Blushes, because I use them so rarely, I'm just not a blush person 
	And still. I have like 10 of them and I don't use them so they are just collecting dust.


----------



## iATEaSEAmonster (Jan 23, 2013)

I bought a few $6 dollar eyeshadow pallettes once because they were cheap, but the color payoff were so poor I eventually had to throw them out. Not only that, but they faded substantially after fifteen minutes!

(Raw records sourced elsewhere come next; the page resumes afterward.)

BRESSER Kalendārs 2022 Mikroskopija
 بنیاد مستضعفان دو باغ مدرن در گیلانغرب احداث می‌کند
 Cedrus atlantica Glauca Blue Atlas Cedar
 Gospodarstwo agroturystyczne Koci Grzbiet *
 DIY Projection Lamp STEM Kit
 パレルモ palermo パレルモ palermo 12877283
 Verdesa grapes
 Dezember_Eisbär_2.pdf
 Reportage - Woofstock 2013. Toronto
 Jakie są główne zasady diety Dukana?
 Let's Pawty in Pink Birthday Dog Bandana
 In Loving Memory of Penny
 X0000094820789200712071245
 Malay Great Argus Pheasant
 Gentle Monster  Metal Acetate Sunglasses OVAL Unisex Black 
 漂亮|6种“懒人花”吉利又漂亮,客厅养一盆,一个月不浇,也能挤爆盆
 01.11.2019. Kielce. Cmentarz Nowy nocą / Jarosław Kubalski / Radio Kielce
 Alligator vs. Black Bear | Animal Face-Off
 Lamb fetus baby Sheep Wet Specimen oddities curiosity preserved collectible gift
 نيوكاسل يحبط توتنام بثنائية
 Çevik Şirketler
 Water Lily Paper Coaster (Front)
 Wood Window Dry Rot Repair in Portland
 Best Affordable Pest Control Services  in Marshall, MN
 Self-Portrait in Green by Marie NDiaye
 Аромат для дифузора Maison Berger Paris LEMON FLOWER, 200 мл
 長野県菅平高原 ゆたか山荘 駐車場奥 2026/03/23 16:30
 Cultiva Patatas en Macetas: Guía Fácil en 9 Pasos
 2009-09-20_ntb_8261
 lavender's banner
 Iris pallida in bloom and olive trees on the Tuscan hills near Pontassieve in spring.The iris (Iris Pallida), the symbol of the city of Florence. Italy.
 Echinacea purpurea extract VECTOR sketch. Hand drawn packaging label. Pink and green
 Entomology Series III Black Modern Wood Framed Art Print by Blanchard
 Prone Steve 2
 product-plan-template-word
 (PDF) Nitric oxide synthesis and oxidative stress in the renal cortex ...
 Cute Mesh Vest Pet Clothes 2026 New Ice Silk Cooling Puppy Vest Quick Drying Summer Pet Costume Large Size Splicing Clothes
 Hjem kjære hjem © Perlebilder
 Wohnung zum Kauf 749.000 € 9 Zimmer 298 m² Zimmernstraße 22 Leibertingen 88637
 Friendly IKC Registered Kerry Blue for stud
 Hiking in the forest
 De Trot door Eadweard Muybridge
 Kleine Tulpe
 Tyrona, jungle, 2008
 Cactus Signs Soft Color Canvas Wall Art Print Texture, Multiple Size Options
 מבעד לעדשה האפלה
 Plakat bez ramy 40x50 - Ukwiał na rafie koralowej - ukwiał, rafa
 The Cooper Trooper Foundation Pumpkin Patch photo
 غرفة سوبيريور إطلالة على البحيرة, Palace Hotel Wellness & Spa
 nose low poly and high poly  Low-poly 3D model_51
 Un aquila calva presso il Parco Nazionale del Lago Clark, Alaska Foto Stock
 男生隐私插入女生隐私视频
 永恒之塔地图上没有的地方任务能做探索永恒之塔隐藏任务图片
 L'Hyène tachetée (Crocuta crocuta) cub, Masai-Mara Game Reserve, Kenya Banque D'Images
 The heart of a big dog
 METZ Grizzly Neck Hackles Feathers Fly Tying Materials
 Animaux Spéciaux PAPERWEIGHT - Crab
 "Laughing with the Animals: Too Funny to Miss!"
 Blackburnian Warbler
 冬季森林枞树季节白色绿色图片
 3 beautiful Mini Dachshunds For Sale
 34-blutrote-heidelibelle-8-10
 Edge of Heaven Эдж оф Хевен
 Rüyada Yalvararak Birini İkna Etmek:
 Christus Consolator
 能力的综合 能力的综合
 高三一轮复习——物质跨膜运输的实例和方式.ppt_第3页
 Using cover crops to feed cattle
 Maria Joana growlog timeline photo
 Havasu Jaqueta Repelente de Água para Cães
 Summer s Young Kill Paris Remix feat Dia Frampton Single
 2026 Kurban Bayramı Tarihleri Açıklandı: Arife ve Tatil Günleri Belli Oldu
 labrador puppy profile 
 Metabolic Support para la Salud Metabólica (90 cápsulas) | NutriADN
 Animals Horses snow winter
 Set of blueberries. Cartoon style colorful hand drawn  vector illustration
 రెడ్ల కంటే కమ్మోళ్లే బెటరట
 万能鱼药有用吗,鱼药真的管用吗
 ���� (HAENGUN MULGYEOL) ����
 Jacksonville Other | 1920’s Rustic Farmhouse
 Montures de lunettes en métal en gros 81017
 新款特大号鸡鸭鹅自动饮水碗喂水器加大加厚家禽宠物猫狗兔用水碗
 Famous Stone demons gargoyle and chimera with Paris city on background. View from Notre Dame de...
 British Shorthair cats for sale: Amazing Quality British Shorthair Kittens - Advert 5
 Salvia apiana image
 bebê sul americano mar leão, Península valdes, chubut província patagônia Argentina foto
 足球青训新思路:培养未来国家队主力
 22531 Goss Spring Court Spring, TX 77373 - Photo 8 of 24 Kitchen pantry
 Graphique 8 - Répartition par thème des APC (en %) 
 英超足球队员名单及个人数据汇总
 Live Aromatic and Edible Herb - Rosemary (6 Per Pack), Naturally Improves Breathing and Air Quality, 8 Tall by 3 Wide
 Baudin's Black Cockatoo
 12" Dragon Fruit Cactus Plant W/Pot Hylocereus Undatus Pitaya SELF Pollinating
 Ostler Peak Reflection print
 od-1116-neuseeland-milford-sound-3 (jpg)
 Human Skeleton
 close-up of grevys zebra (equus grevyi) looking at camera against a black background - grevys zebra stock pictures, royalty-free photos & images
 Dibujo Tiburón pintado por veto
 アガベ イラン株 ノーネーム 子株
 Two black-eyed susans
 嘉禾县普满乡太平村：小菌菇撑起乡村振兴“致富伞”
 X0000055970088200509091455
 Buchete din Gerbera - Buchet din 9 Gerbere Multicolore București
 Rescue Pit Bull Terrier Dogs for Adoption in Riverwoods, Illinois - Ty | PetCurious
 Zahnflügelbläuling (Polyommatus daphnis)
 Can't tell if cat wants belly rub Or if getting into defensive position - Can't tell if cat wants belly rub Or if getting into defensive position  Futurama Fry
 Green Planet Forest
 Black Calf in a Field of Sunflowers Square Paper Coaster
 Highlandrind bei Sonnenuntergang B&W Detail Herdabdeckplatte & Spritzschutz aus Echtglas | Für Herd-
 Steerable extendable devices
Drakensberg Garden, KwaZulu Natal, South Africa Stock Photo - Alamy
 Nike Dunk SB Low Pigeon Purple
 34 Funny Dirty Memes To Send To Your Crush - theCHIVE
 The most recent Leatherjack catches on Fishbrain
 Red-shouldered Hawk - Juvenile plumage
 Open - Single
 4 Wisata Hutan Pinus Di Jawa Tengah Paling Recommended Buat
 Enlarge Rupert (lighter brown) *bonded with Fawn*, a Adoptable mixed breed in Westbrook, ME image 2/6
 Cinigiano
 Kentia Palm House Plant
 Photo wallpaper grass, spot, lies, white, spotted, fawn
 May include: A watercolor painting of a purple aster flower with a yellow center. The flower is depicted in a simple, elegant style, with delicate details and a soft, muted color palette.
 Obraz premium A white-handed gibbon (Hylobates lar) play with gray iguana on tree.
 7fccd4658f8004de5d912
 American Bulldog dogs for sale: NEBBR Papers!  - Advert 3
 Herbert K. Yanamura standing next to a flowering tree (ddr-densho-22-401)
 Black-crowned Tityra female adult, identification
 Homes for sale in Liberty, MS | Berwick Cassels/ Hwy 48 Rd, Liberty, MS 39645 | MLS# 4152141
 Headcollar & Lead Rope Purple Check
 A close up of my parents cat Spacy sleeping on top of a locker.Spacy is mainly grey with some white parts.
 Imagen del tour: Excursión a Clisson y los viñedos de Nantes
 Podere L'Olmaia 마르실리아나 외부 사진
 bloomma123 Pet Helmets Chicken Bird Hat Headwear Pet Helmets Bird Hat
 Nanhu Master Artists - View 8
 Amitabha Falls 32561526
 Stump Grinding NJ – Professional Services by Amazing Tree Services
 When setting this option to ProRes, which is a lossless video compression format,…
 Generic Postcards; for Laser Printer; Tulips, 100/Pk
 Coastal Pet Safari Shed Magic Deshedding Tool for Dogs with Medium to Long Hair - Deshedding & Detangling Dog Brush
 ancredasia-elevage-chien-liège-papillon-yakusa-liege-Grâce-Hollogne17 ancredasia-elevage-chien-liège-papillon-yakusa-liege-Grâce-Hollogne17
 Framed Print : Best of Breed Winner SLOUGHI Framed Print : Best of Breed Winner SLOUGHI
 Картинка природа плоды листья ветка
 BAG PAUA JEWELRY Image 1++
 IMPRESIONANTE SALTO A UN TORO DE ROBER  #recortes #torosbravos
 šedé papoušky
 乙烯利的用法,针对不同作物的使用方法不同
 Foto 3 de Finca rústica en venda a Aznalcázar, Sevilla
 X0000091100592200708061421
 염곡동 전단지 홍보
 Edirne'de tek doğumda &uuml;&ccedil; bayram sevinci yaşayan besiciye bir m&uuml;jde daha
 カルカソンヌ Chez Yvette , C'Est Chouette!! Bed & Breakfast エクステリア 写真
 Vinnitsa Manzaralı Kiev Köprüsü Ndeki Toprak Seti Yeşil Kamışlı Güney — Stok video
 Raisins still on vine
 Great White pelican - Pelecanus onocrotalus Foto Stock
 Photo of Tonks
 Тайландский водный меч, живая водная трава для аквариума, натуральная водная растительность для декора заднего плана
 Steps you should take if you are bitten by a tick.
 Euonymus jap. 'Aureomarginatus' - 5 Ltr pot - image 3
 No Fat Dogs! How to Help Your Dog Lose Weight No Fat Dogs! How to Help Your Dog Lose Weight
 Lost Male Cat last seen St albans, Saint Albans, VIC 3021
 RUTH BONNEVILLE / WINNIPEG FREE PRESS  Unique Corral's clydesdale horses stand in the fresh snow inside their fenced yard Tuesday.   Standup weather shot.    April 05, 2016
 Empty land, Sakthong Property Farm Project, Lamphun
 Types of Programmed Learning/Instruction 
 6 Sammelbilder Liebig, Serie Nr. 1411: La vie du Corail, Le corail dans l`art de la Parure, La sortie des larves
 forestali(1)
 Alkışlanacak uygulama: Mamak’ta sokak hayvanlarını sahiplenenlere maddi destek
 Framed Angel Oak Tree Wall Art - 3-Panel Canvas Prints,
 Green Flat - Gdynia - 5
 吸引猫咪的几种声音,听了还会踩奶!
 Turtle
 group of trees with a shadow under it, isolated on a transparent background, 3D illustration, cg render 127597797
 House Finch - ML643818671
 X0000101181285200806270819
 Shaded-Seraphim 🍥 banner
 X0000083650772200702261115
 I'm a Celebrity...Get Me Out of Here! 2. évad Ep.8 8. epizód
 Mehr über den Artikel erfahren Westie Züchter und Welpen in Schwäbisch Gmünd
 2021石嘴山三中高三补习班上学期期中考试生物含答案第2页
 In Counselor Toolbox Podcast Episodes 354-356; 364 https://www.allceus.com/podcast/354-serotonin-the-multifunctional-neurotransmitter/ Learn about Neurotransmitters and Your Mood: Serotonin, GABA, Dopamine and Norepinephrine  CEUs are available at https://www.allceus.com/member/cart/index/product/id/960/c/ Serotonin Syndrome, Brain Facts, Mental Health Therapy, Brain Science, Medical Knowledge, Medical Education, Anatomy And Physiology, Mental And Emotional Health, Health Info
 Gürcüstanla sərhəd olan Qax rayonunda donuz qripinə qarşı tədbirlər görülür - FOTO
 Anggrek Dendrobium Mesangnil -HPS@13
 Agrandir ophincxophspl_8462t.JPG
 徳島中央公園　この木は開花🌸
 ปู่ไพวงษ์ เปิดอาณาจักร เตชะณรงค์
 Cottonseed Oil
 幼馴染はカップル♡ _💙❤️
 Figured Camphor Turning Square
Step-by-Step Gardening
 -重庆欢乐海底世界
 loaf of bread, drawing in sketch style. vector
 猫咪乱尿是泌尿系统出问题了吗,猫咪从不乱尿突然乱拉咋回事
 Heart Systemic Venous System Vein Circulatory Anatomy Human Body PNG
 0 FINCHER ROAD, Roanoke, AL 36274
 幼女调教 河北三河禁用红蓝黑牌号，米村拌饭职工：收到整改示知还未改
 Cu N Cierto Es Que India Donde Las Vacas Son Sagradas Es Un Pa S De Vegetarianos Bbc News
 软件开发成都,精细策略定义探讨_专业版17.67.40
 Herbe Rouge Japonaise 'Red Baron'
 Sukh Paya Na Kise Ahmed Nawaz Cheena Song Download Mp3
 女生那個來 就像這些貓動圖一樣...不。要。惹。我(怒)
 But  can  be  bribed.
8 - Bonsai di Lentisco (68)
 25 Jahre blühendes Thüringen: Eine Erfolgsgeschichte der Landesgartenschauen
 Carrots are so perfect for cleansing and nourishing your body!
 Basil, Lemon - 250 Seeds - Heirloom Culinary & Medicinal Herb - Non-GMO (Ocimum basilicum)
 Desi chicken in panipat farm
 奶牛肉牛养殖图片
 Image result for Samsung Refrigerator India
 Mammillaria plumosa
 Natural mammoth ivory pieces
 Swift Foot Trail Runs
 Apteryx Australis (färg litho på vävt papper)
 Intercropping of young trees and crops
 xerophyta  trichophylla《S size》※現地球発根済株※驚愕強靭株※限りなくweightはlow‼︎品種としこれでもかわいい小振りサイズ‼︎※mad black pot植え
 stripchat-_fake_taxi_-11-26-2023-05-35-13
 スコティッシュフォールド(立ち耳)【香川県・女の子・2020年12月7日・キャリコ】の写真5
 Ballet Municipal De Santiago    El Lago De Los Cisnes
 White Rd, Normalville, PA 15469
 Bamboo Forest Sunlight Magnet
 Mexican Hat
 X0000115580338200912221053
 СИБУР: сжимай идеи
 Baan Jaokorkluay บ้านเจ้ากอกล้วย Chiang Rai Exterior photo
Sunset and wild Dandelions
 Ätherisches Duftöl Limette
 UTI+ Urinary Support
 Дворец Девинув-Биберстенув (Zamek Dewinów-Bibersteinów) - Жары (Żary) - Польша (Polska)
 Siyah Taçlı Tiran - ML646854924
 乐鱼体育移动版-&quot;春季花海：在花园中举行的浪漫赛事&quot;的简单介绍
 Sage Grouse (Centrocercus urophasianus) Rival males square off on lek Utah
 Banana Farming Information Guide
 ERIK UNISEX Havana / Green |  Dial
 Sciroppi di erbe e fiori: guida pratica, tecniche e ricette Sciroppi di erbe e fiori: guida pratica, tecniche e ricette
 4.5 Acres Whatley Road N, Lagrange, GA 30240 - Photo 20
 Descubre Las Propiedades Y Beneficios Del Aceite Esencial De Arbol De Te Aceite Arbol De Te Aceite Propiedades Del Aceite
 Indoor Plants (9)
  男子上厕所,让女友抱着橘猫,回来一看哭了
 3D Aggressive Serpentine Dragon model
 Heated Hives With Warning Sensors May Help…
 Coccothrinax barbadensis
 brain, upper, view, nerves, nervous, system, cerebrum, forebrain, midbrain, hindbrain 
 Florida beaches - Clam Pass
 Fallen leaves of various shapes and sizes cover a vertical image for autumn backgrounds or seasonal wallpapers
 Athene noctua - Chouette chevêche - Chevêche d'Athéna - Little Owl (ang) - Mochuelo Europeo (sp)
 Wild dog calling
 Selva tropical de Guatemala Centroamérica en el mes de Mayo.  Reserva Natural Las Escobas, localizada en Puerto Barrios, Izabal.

Worst purchase ever.


----------



## Nikki Taylor (Jan 23, 2013)

studio fix fluid.
  	dries too fast, smells like paint, looks cakey on me, makes me break out

  	my mom likes it though so whatever. just gave it to her


----------



## alexandriana187 (Jan 28, 2013)

All the money I spent on face primers!! I use to buy the Too Faced primer at 30$ for 1oz, it was such a waste of money now that i discovered the monistat anti chaffing gel works just the same but only cost 7$ for 1.5oz


----------



## potophan (Mar 22, 2013)

All liquid foundations break me out bad !!! So I regret buying them


----------



## Naughtyp (Mar 22, 2013)

skin finishes, mineral blush or eyeshadow and crushed metal pigments.


----------



## katred (Mar 22, 2013)

Great idea for a thread- I hadn't noticed it before. Regrets? Not as many as you'd think, considering the size of the stash that I have. There are a couple of Mac limited items that I sought out and now I wonder why, definitely. Although I couldn't wait to get them, I've barely used the two mineralize eye shadows from the Venomous Villains collection (they irritate my eyes). Laura Mercier pressed powder was a disaster on me. And I've had allergic reactions to a lot of the things I've tried from Benefit, although the products of theirs I can wear, I like very much.


----------



## Haven (Mar 23, 2013)

For MAC: MAC crushed metal pigments, MAC Prep and Prime products except for BB (the rest dull my skin & make me look sick), and some of my MAC BU's that I doubt that I will ever get to.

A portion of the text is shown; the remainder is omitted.